Quantos Investigadores Usam Gestores de Referências? Dados 2026

Saber quantos investigadores utilizam gestores de referências bibliográficas parece uma pergunta simples — mas a realidade é que os dados disponíveis são fragmentados e provêm de contextos muito diferentes: inquéritos a estudantes de pós-graduação, análises de padrões de adoção em bibliotecas universitárias, relatórios dos próprios fornecedores, e estudos académicos publicados em revistas de biblioteconomia e informação. Este artigo reúne o que existe, contextualiza as tendências para 2026, e ajuda a perceber por que a adoção ainda está longe de ser universal — apesar das vantagens evidentes.

Resposta rápida: Estudos publicados sugerem que entre 30% e 60% dos investigadores académicos usam algum gestor de referências de forma regular, dependendo da disciplina, do nível de ensino e da instituição. A adoção é muito mais alta entre doutorandos e investigadores sénior do que entre estudantes de licenciatura e mestrado. O Zotero é o mais adotado globalmente em ambientes académicos, seguido do Mendeley (Elsevier) e do EndNote. No Brasil e em Portugal, o Zotero ganhou terreno significativo desde 2020, impulsionado pela gratuidade e pelo código aberto.

Dados de adoção: o que dizem os estudos

Os estudos sobre adoção de gestores de referências são heterogéneos em metodologia e população, o que dificulta comparações diretas. No entanto, algumas conclusões são consistentes através da literatura.

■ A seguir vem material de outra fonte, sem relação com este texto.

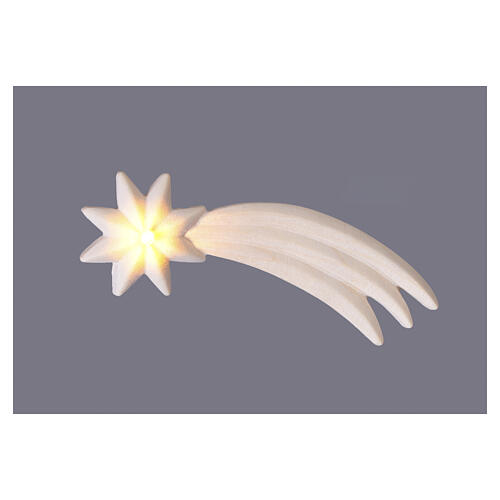 Cometa de madeira 4x11 cm para presépio luz LED 2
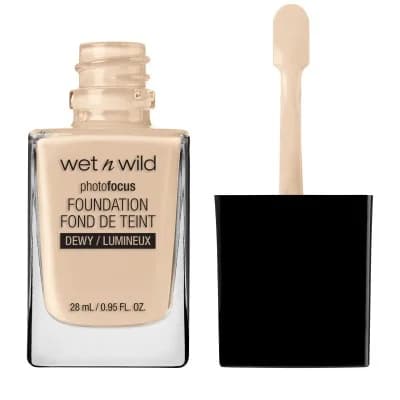 کرم‌پودر سافت بژ وت‌اندوایلد Photo Focus Dewy مدل Soft Beige حجم 28 میل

Estudo / fonte Taxa de adoção População
Comparativo Mendeley/EndNote/Zotero (SciELO Brasil) ~40–60% (estima) Investigadores em área de informação (Brasil)
Inquéritos de bibliotecas universitárias PT 30–45% Estudantes de pós-graduação com formação em gestor de ref.
Literatura internacional (revisão geral) 35–65% Varia muito por disciplina e nível de ensino

Fontes: Comparativo de gestores de referências bibliográficas — SciELO TransInformação; dados de bibliotecas universitárias portuguesas.

Um dado importante: a taxa de adoção varia enormemente entre quem conhece gestores de referências e quem os usa regularmente. Inquéritos a estudantes de pós-graduação mostram que uma proporção significativa já ouviu falar de Zotero ou Mendeley — frequentemente numa sessão de formação da biblioteca —, mas apenas uma fração mais pequena os integrou no fluxo de trabalho diário.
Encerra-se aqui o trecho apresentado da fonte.